Transcribe only the part of the material below that begins at the line containing "Building Photo - 3931 I St" and ends at the line containing "智利首都举行盛大春节庆祝活动", with both kept and images left out.

#### PROVIDED RECORDS ####

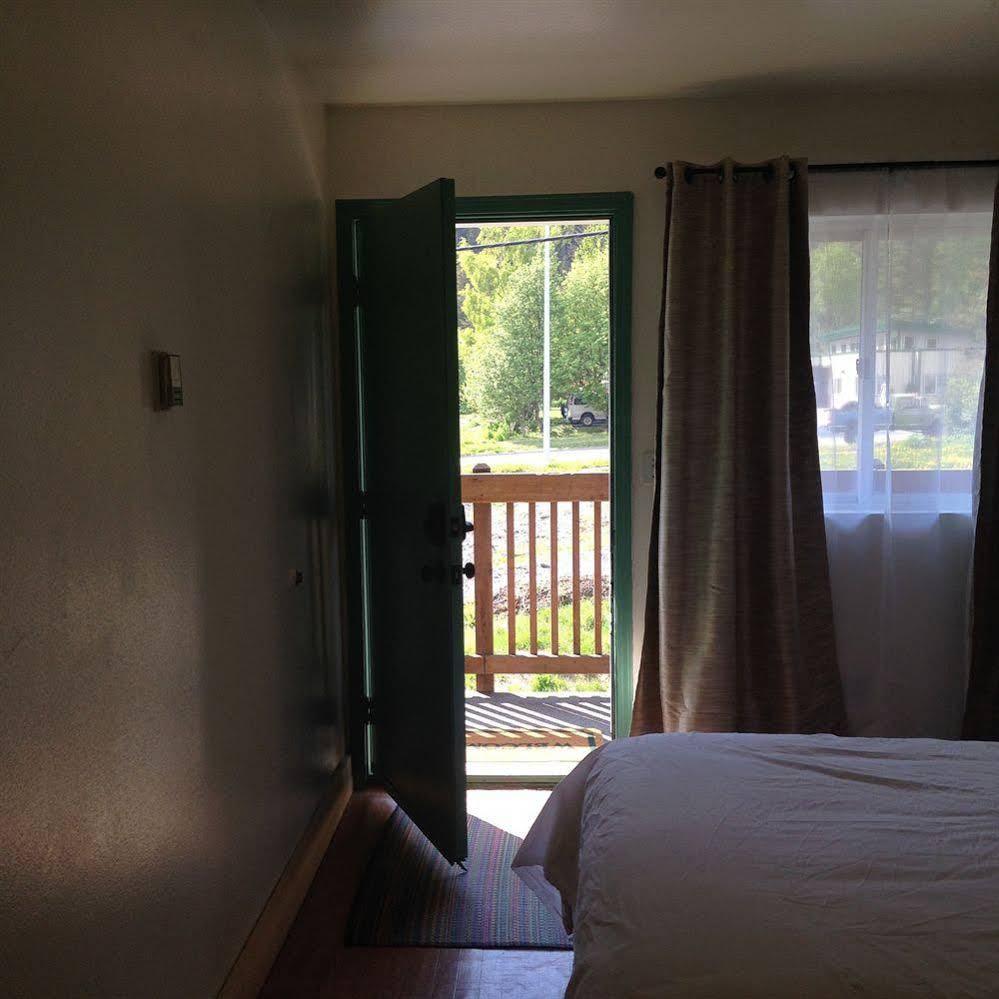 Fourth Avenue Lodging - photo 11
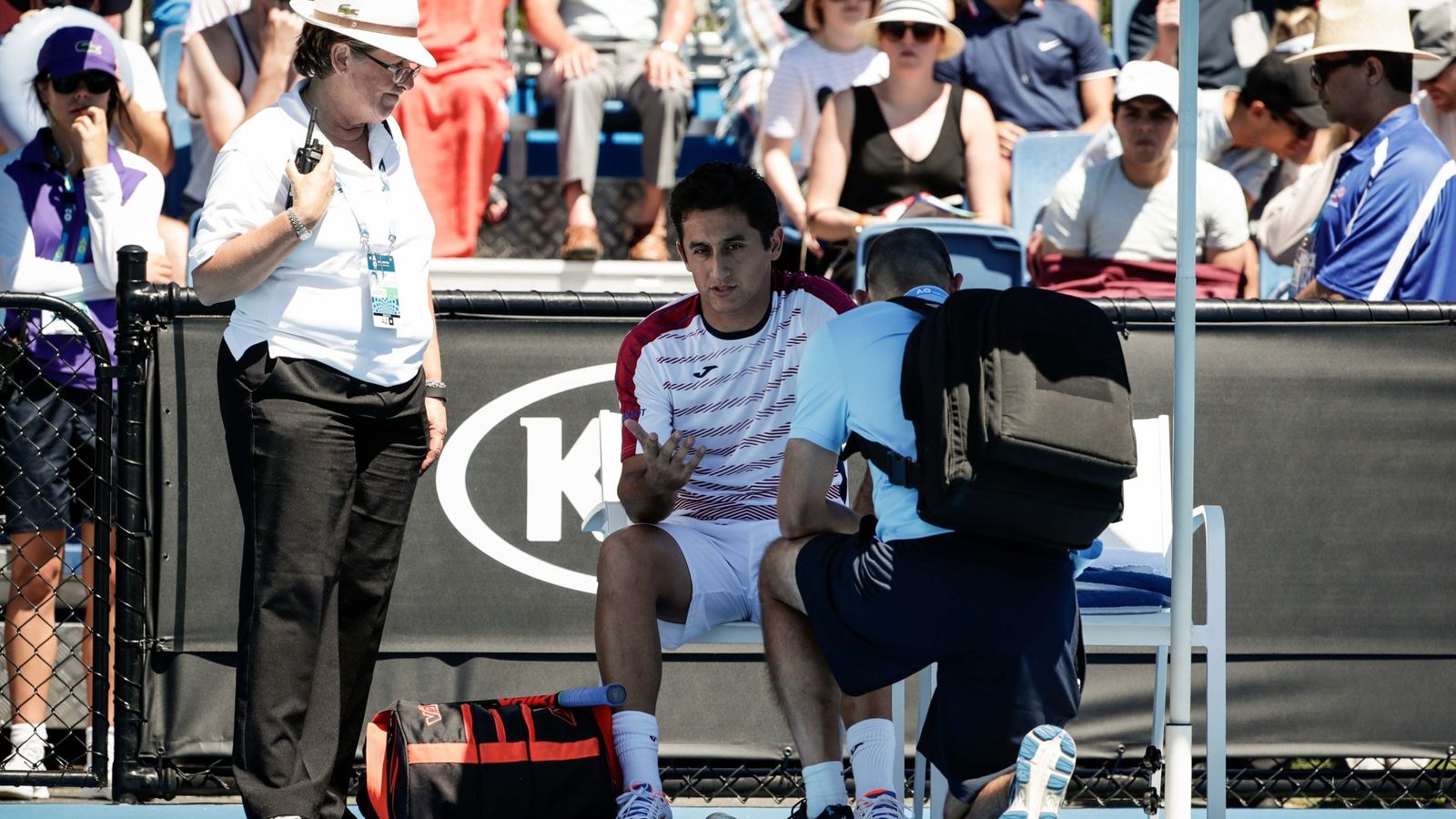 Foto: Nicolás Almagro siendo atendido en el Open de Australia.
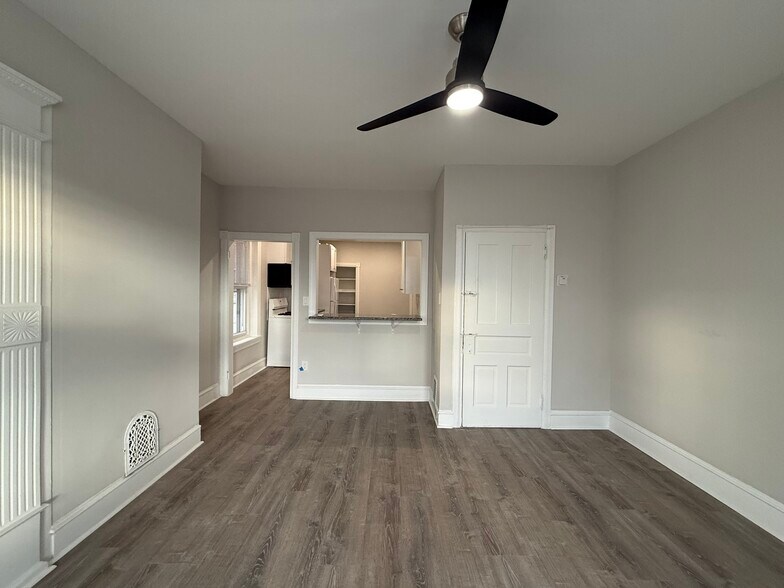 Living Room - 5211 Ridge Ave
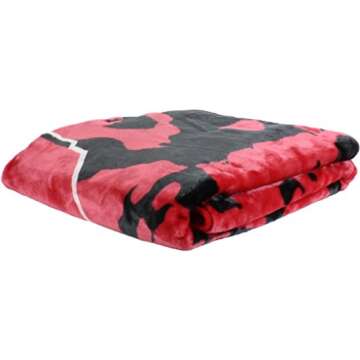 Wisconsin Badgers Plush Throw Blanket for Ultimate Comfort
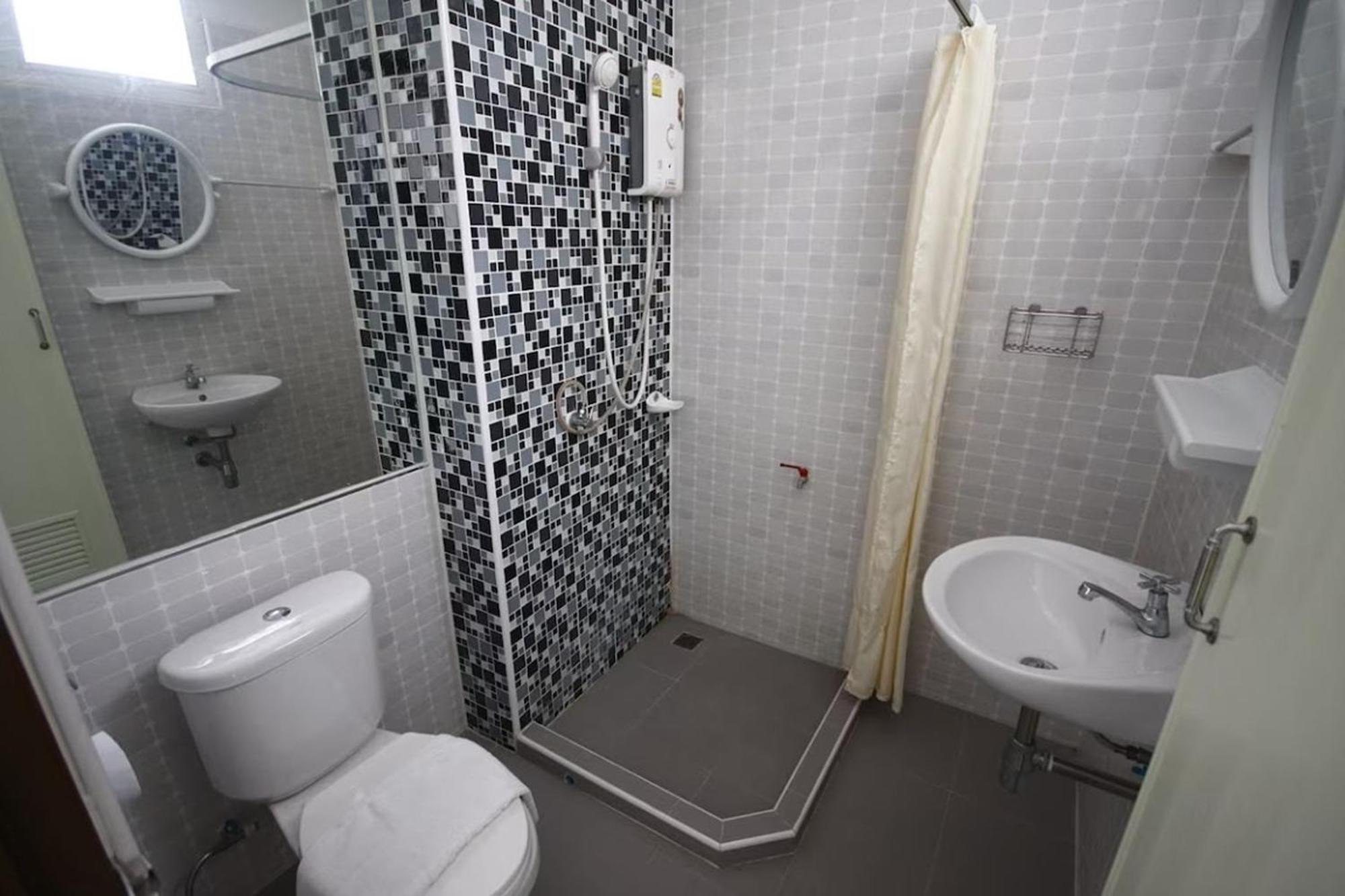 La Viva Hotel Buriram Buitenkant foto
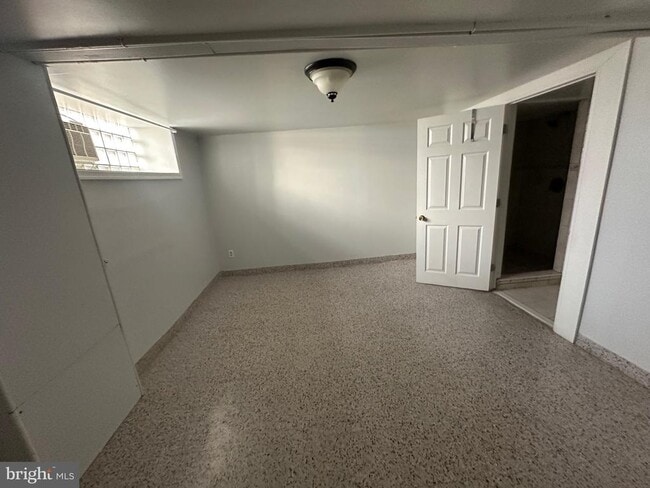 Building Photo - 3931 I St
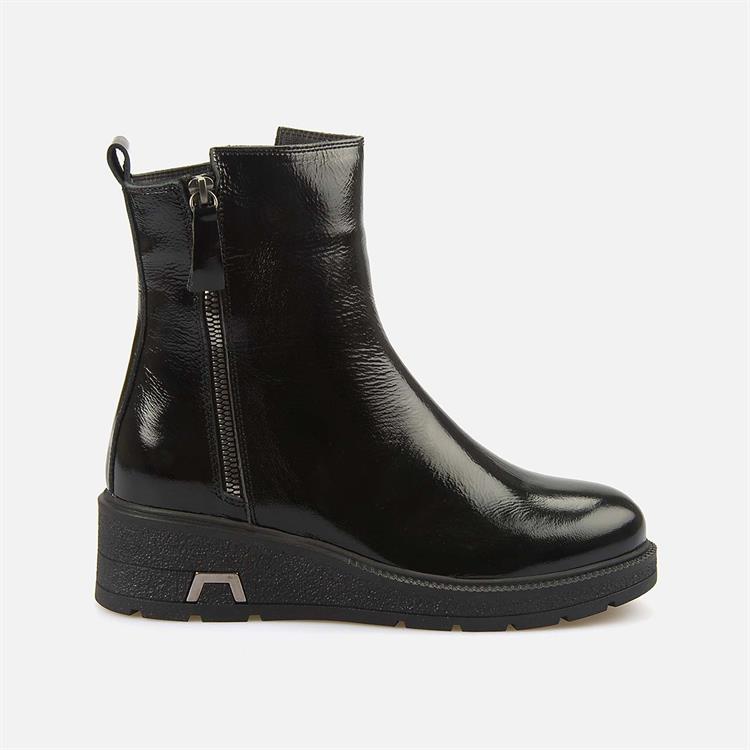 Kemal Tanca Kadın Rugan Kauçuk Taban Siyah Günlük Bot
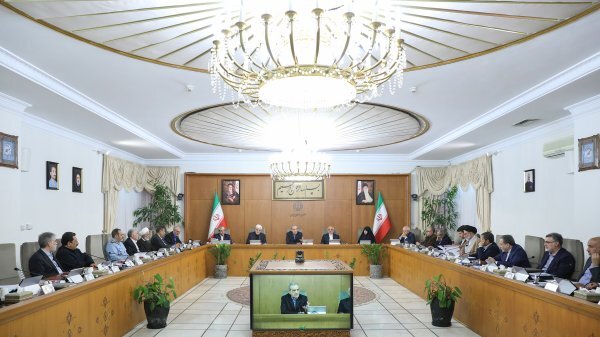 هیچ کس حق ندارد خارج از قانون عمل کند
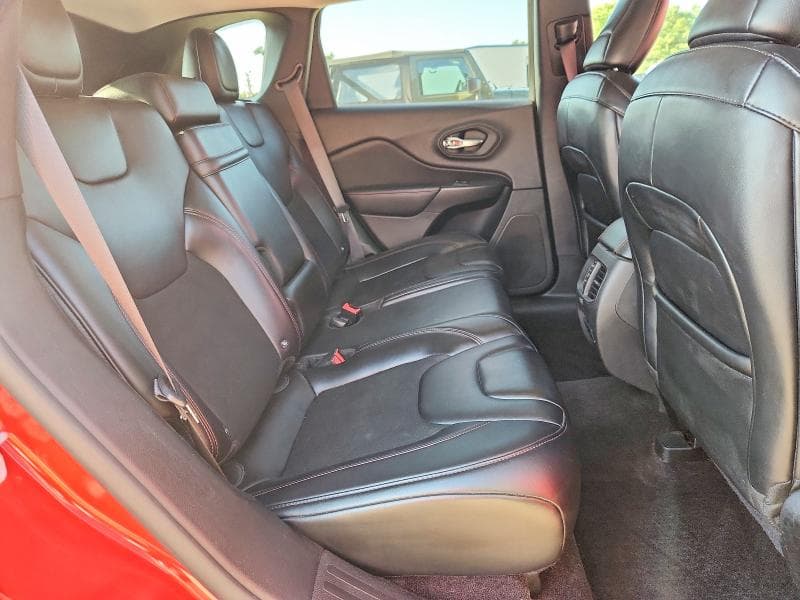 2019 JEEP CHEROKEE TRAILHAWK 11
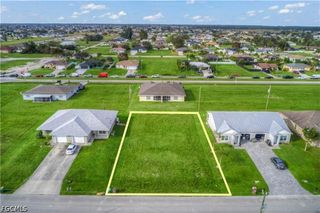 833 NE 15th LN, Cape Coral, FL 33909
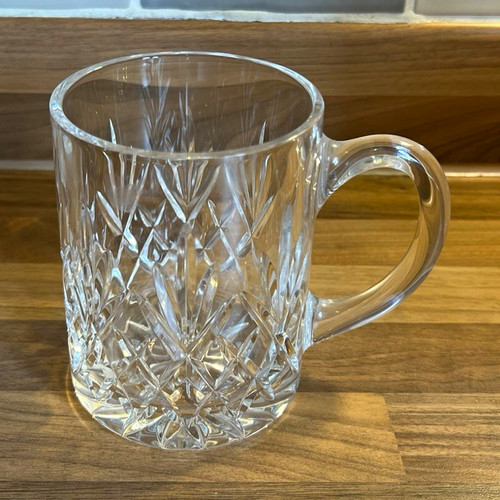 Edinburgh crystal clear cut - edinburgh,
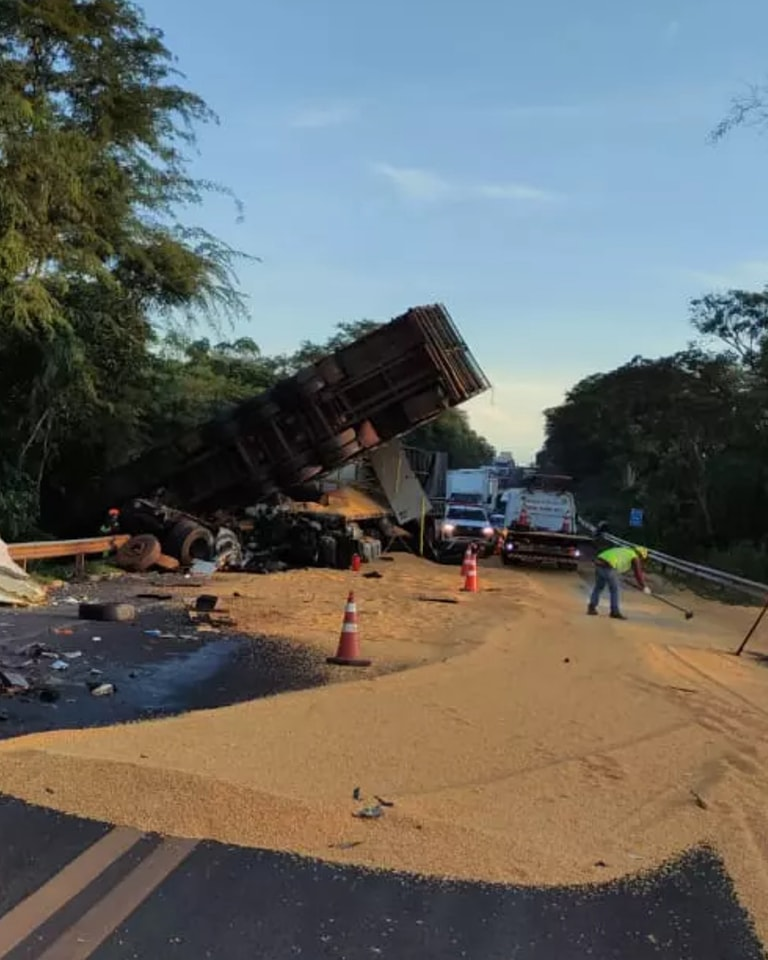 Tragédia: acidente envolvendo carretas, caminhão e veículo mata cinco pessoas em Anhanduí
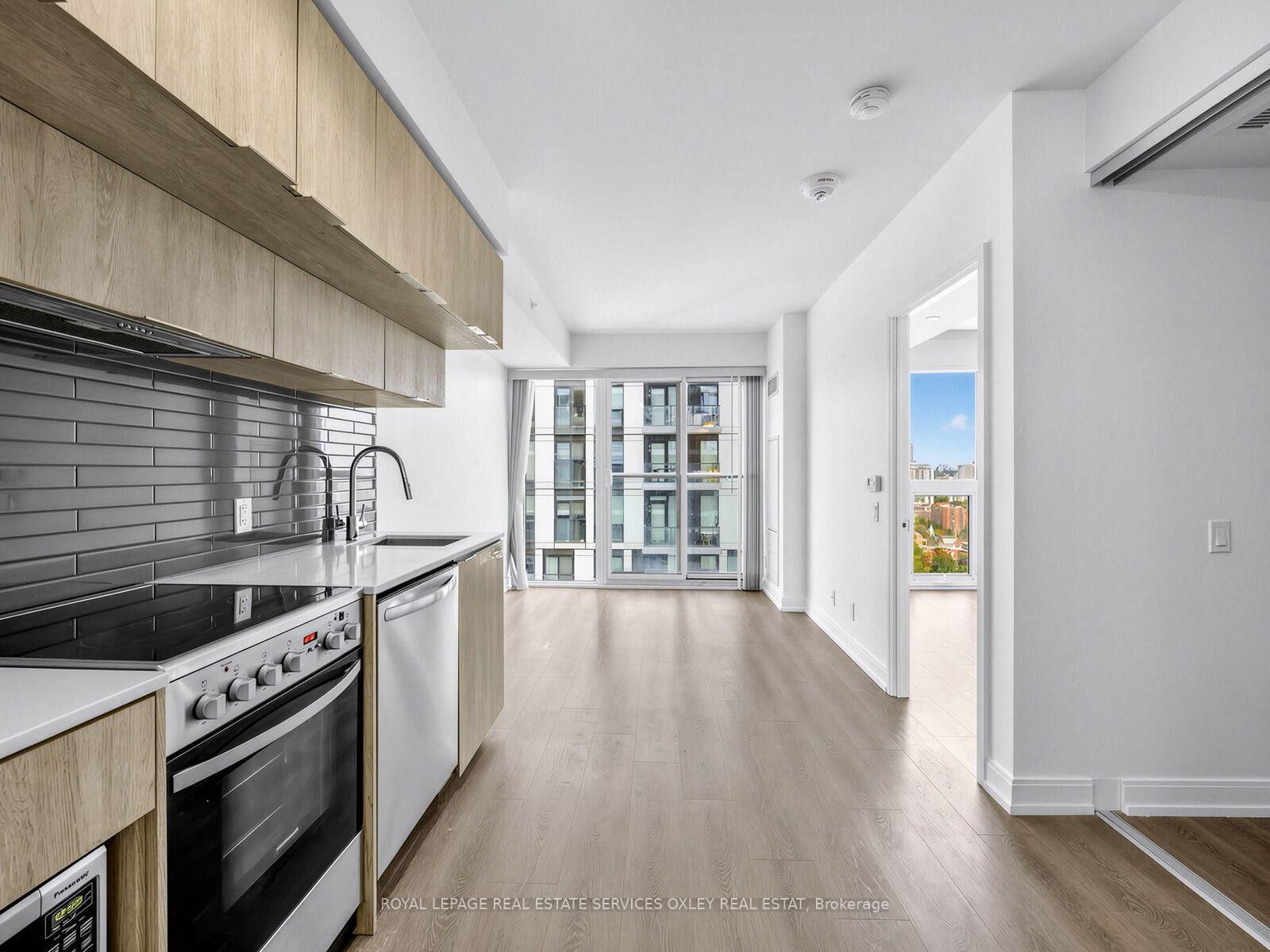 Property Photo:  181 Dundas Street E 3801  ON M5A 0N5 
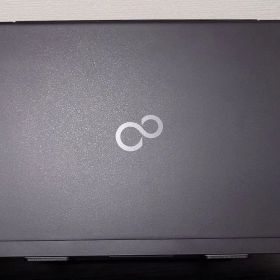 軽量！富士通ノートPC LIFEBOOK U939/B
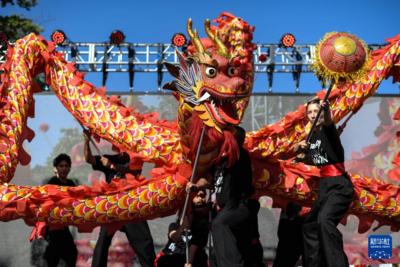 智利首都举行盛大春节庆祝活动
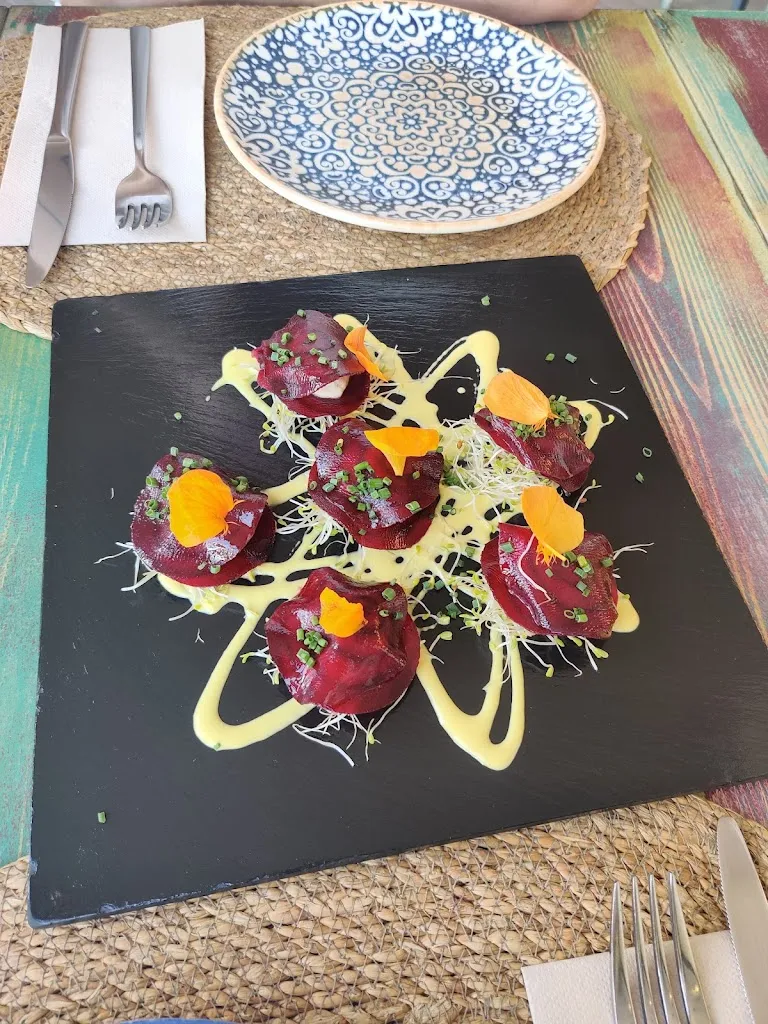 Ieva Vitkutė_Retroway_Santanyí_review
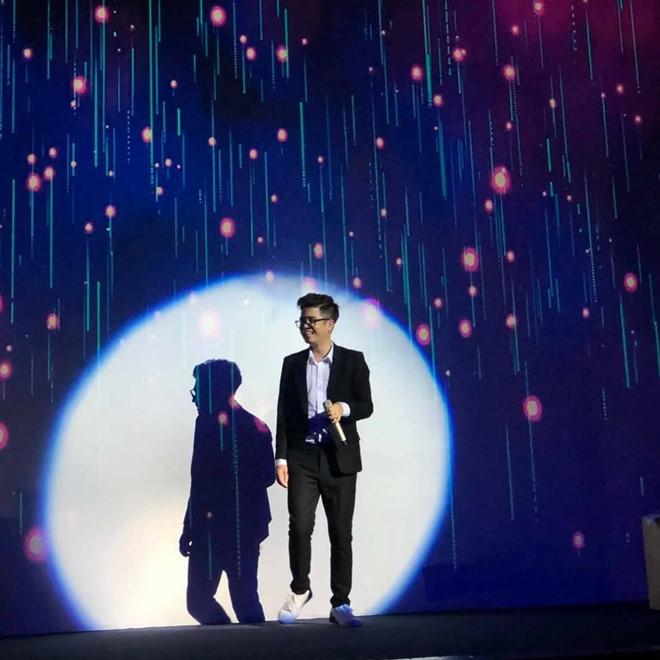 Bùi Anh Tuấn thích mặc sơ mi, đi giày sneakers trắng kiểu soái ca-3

####

**EXERCISE RESPONSE:**
 Building Photo - 3931 I St
 Kemal Tanca Kadın Rugan Kauçuk Taban Siyah Günlük Bot
 هیچ کس حق ندارد خارج از قانون عمل کند
 2019 JEEP CHEROKEE TRAILHAWK 11
 833 NE 15th LN, Cape Coral, FL 33909
 Edinburgh crystal clear cut - edinburgh,
 Tragédia: acidente envolvendo carretas, caminhão e veículo mata cinco pessoas em Anhanduí
 Property Photo:  181 Dundas Street E 3801  ON M5A 0N5 
 軽量！富士通ノートPC LIFEBOOK U939/B
 智利首都举行盛大春节庆祝活动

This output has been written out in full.